LONDON (Dow Jones)--Oil's surge to $100 a barrel is unlikely to soften global oil demand any time soon or significantly change consumption patterns among key consumers, an official at the International Energy Agency said Thursday. Oil demand is concentrated in three main regions, the U.S., China and the Middle East, and none of those areas is likely to see demand drop off significantly in response to record oil prices, said Eduardo Lopez, oil demand analyst at the Paris-based energy watchdog for major, industrialized nations.

"Gasoline demand in the U.S. is somewhat inelastic," Lopez told Dow Jones Newsires by telephone.

"If high prices last for a long time, there may be an impact. But it's unclear in the eyes of the (U.S.) consumer if (these prices) are going to last," Lopez said, noting how oil prices enjoyed a brief run up in 2006 before coming back down.

Other major industrialized countries in Europe and elsewhere have long been accustomed to high fuel prices because of heavy taxation and are better positioned to absorb the surge in prices, he added.

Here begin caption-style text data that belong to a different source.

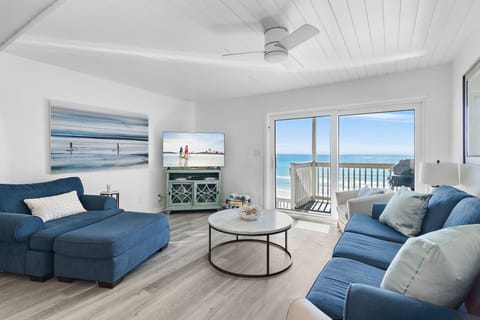 This 3-Level, Beachfront Townhome w/ a Private Beach features Gulf & Beach Views from 3 Patios, 2 KING Bedrooms, the Living Space and comes Fully-Stocked with beach gear, arcade game, & more!
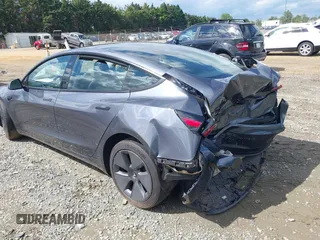 2023 Tesla Model 3 with VIN 5YJ3E1EA4PF515844, listed as a IAAI auction lot 42321123 with 46,683 mi miles and . Bid and sale history available at DreamBid. Image 3.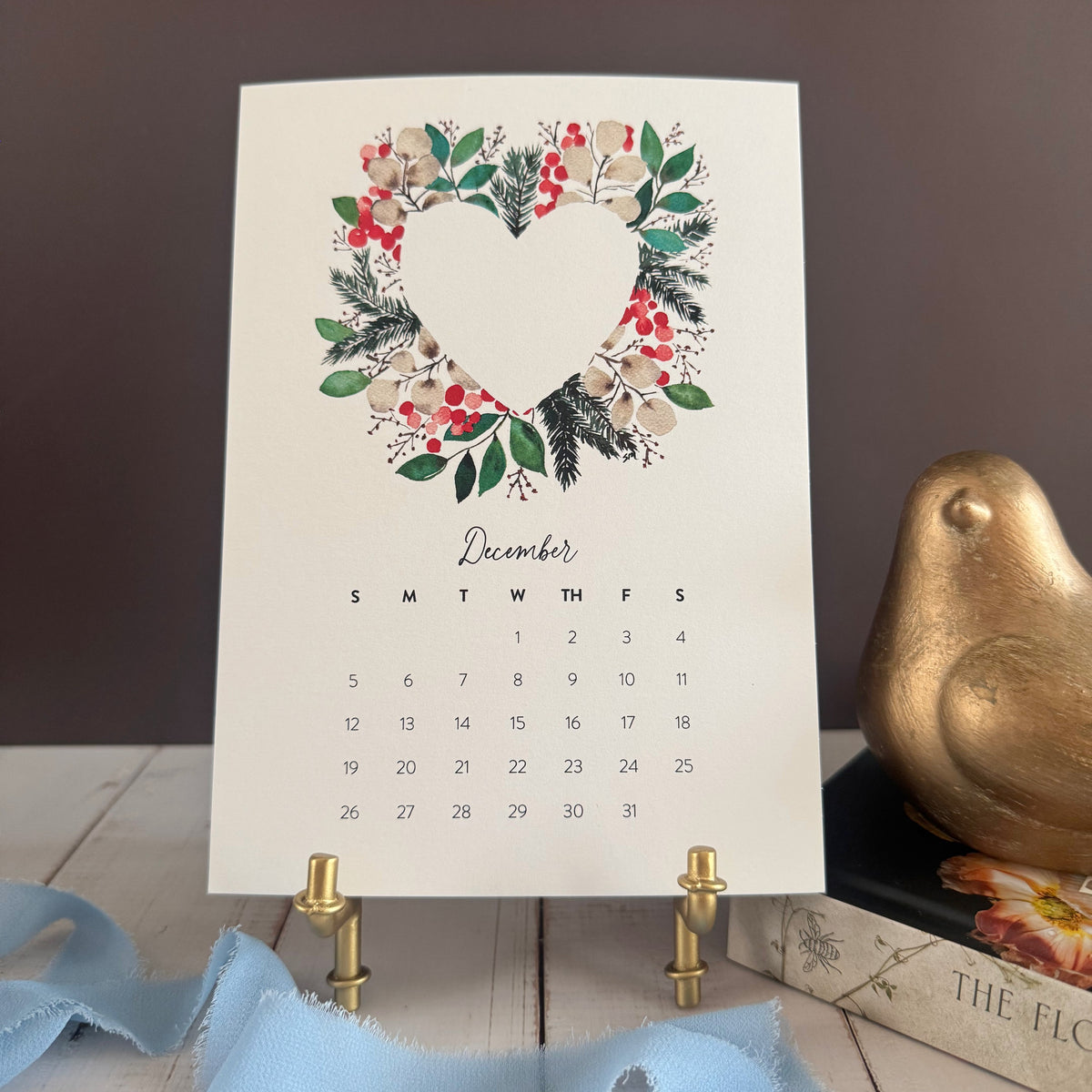 December page with a heart wreath of evergreen, red berries and winter blooms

Lopez said, meanwhile, two-thirds of global oil demand growth is coming from developing economies, principally China and the Middle East, where government subsidies shield consumers and industry from the impact of surging oil prices that would otherwise restrain consumption.

"As long as key growth areas continue to be shielded by subsidies, it's quite unlikely we'll see a drop in demand," Lopez said.

Crude prices have risen to new records heading into the new year, with February Nymex crude briefly hitting $100 a barrel Wednesday. On Thursday, ICE Brent crude futures traded to a new record high of $98.26 a barrel as the market predicted bullish weekly U.S. Department of Energy inventory data later in the day.